Geoff Tate, CEO of Flex Logix, sat down with Semiconductor Engineering to discuss how the chip industry is changing, why that bodes well for embedded FPGAs, and what you need to be aware of when using programmable logic on the same die as other devices. What follows are excerpts of that conversation.

SE: What are the biggest challenges facing the chip industry?

Tate: A huge one is the growing cost and complexity of new designs. That’s what’s driving a lot of industry consolidation. Just as people had to band together because they couldn’t afford their own fabs, now they have to band together because designing a chip is getting so expensive. To design a chip you need a big team of people, so even a company that’s pretty good size has to centralize these kinds of things. The economics of scale are working toward concentration and consolidation, where everyone knows how to build switches and that the next switch chip has to be twice or four times as fast. On the flipside, we’re also seeing a bunch of chip and system companies springing up to address new stuff, such as AI and LiDAR.

SE: What’s different about these startups?

Tate: A lot of them are not necessarily just chip companies. People are looking for chips plus software, or systems with chips. Just building and selling chips as a business model is less favored these days. If you’re selling to system companies, the power is with the systems company. If you can sell more of a total solution with software, or if you can actually be the systems company and build your own chips, that’s much more attractive to the venture folks. Most of the big established companies, just like always in the past, aren’t likely to be the ones that are going to be good in the new areas. So the industry is consolidating on one side, and creating on the other.

SE: Where does Flex Logix fit on that wave?
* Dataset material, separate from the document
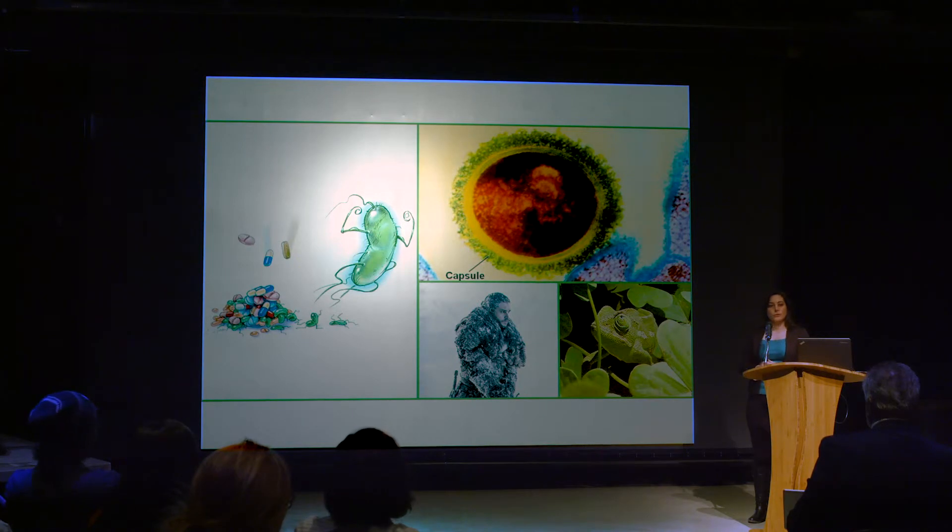Because of this, researchers like me have been working to find ways of combating bacterial infections without the use of antibiotics. To do this, we need to understand exactly how bacteria manage to enter our body, bypass our body's defense system, and cause infection.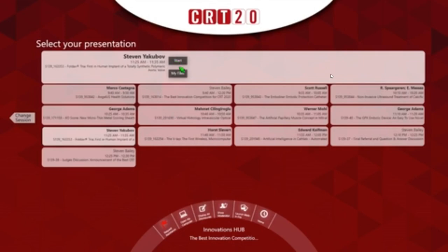Our next presentation will be from Dr. Horst Sievert on the V-Lab, the first wireless microcomputer implant for the management of heart failure patients.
Tate: When we started, the appetite for semiconductor companies among VCs was non-existent. Nobody wanted to talk to you if you said ‘semiconductor.’ Fortunately, we were able to get some funding from Lux Capital and didn’t need a lot to get started. Now the interest in semiconductors is way higher. There’s a resurgence there, but the VCs are looking for a different kind of semiconductor company than before. Half of our value proposition is software. In the past, most semiconductor companies were terrible at software. Investors are looking for the companies to have a different set of skills so the customer has more of a total solution. They want these companies to be able to retain value and market share-and not be knocked off so easily.
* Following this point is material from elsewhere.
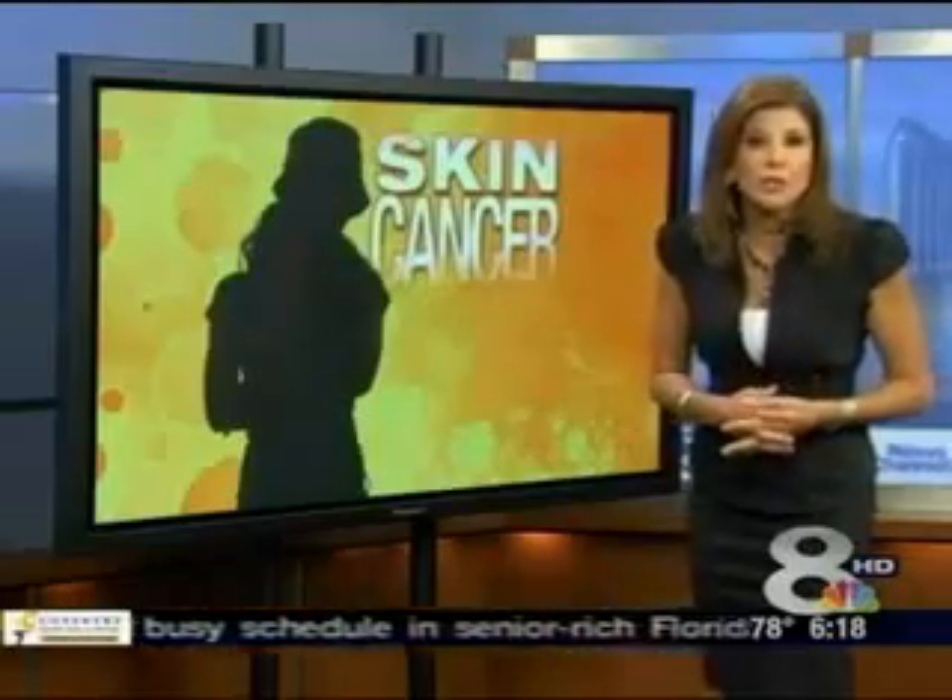Skin cancer is the most commonly diagnosed cancer in the country, affecting more than two million Americans each year — many who live right here in the Sunshine State. Treatment usually involves painful surgery to remove layers of cancerous skin, leaving patients with a lot of downtime, scarring and fear.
SE: The synergy between the software and hardware is certainly much tighter than it used to be. We’re seeing more software-defined hardware, with a lot of iterations back and forth.

Tate: In general, the new startups have a specific mission in mind and they work the hardware and software together to address some specific problem. It’s not like a traditional chip company where people build chips and the system folks have to figure out how to handle the software. In our case, we’re developing embedded FPGAs, so what we need to do is look like FPGAs and to use existing synthesis tools so we’re not totally starting from a blank slate. We have to provide a set of software, and a lot of the value in what we deliver is our suite of tools to deliver high performance. Without the software component, an FPGA is not useful.

SE: There is a growing push toward heterogeneity in designs, with lots of specialized processors scattered around a chip. How do you see embedded FPGAs fitting into this mix?

Tate: It seems very likely that embedded FPGAs eventually will be as widely used as embedded processors, so there would be multiple embedded FPGAs on chips just like there are multiple processors on most chips. Customers today tend to think about having one eFPGA, because that’s the paradigm they’re used to with FPGA chips. But some of these chips have an amazing number of processors on them. Even Intel processors have little processors on them.

SE: So how do you envision this playing out in the future compared with discrete FPGAs?

Tate: The way FPGA chips are used for systems is not going to be the way FPGAs will be used inside chips. Inside of chips everything has to be very cost effective. You only want use an FPGA if you need to reconfigure it. In the system, a lot of the logic in an FPGA isn’t changing. Some of it is changing, but not all of it. It just happens to be more convenient to dump it all in there. If you want to integrate that FPGA into an ASIC, a smart company will figure out what doesn’t need to change and hardwire that, and take islands in the logic that need to remain reconfigurable and have blocks of embedded FPGA distributed throughout the hardwired logic. They’ll achieve the most flexible, lowest-cost solution that way. It doesn’t really cause any issues with respect to noise or anything like that. Our embedded FPGA is a digital logic block that doesn’t have any special characteristics. It’s all digital-all digital DRC design rules, robust power grid. It’s solid as a rock. It’s not an issue whether you have one or a bunch inside the chip for many characteristics like noise. Once a customer starts thinking about multiple blocks, it’s an easy transition for them and it’s not hard to do the integration.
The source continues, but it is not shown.